My diverse set of experiences is now an asset to my clients, who need someone to help them navigate the software, data, and human challenges of building quality data. Whether you plan to crowdsource your data, work with data vendors, or set up your own team, I'm here to help you navigate the process.
A large enterprise needed a new solution to manage the process of annotating various types of data. They used data annotations to measure the performance of algorithms and ML models over time as they made changes. Annotations were also used to train new models.
They needed to build a new system that would allow them to distribute the work to a team of in-house annotators located overseas, as well as to vendors and a crowdsourcing service.
We were closely involved in the technical architecture, defined key aspects of the product, and developed the UI design.
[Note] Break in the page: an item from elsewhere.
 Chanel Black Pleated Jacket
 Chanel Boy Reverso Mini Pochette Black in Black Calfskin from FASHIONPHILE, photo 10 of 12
In addition, we were responsible for building most of the task interfaces annotators used and developed the visual language that was used across all task interfaces.
The resulting system allowed the team to rapidly scale up the number and types of annotations the team could handle.
A large enterprise used data gathered from customer websites to better inform their sales team and wanted to expand the data provided to their sales organization.
We developed a multi-stage data pipeline that would leverage crowdsourcing (Amazon MTurk) to have crowd workers review aspects of each website, extract key details, and structure it appropriately for use.
Subsequent work explored various AI/ML approaches to further augment the data pipeline and reduce the reliance on crowd workers. In addition, their existing web scraping process was augmented with a crowdsourcing solution to capture content that would otherwise only be accessible by interacting with JavaScript and CSS on the page. This significantly increased the coverage and data retrieved for customers.